Not long ago I had the distinct pleasure to be invited on a Upper Colorado trip with fellow wooden river dory enthusiast, blogger, and all around good man Greg Hatten. Greg and I met at the McKenzie River Wooden Boat Festival several years ago and then connected again at the Snake River Wooden Boat Show last summer. we made off handed plans to try and get together this summer and do some trips. Well winter happened then spring and just about the time I thought to call Greg about boating he called me.
From the get go I knew this trip was going to be different. I was not in charge of anything, a rare thing in my life and a much welcomed relief. My only job was to trailer my boat and gear to a place called Pumphouse just outside of Kremmling Colorado. Once their I would meet Greg and a slue of other folks that were just odd phone numbers in a group text.
After pulling into Kremmling and checking my map again I gassed up and headed for Pumphouse. One of the fun things about being around whitewater for such a long time is a chance to experience places around the world that are famous only to the ranks of other river nerds. The upper Colorado is home to the legendary Gore Canyon. While we had not come to run Gore Canyon (don't think I'll ever do that in a wooden boat) it was fantastic to pull out at a overlook and have a look.
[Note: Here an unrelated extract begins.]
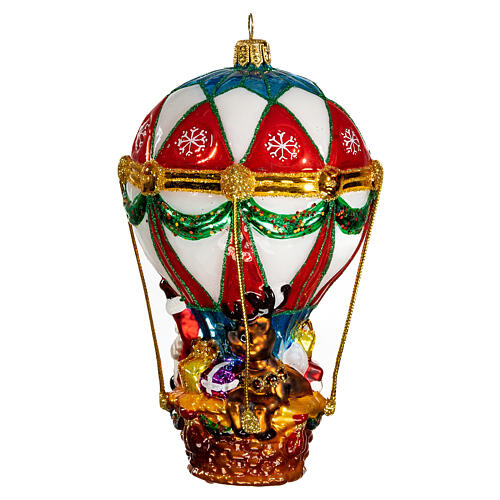 Papá Noel en aeróstato adorno vidrio soplado Árbol de Navidad 6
From my vantage point I could see the last of Gore's power meander away into a pristine alpine valley. As the phone in my pocket lost signal I became more and more excited about getting to hang out here for the next couple of days.
Springtime in the Mountains was just getting wound up (a bit of a surprise for some of the folks from lower climates) temperatures at night dipped below freezing and much of the forest was still without leaves. But everything else had turned emerald green and smelled of fresh sage.
I drove around for a while looking for anyone I thought could be associated with our crew and finally ran into David Ellis of Ellis Canvas Tents. The tents he had set up were instantly recognizable as the type of tent Greg used in the Tetons. I stopped, introduced myself to David and confirmed that this was the place.
I added my gear to the growing pile and got down to some serious lounging about. While hanging out in our five star riverside restaurant I got to know the rest of the group. Along with Greg and David their was Tim, Darrell, Royce, Andrew, Josh and Bill. Everyone but David Tim and I were from St. Joseph Missouri. We had a great time eating and drinking until full bellies, cold, and road fatigue drove us into our tents.
The next two days run together. Cold beautiful sunrises followed by fantastic whitewater all set in two lovely canyons. The run itself from Pumphouse to Rancho Del Rio is spectacular. From the put in the next canyon can be seen yawning up at the sky. Upon entering the current quickly picks up forming fun s-bends ending in a beautiful left eddy above a horizon line. From this eddy you can see the big rock river left that forms the Eye of the Needle. At 3500ish cfs the eddy is deceptive, the cleanest line we found was river right to left passing behind the big rock. Getting in the left eddy makes getting back on line a really interesting speed killing ferry. Once past the "eye" its smooth sailing past some hot springs (they were under water) and into the next park (open area between canyons where the river calms and begins to meander).
Photo Greg Hatten
On our first run we had planned to take out at Radium but we found that their was to much daylight and fun to be had so to hell with shuttle problems lets run more river. After Radium yet another canyon loomes. The cherry of this canyon is Yarmony. This is a longish rapid with a couple of moves to be made in the top section, then its hold on through its lower wave train.The whole rapid drops along a river left cliff (slight right bend) giving the viewer positioned on the bottom right a fantastic view of the "action". The park, canyon, park, canyon nature of this section seams to set the tone for the whole Colorado, the canyons and water simply get deeper and bigger. The good spring runoff, great scenery and muddy water really drove home that I was on the Colorado, it felt great to finally have a wooden boat on her mighty waters. The take out is located at Rancho Del Rio, its private, cheep, and if you are into river dirtbaggery amazing. This is where the Gore Canyon Race party is held, so...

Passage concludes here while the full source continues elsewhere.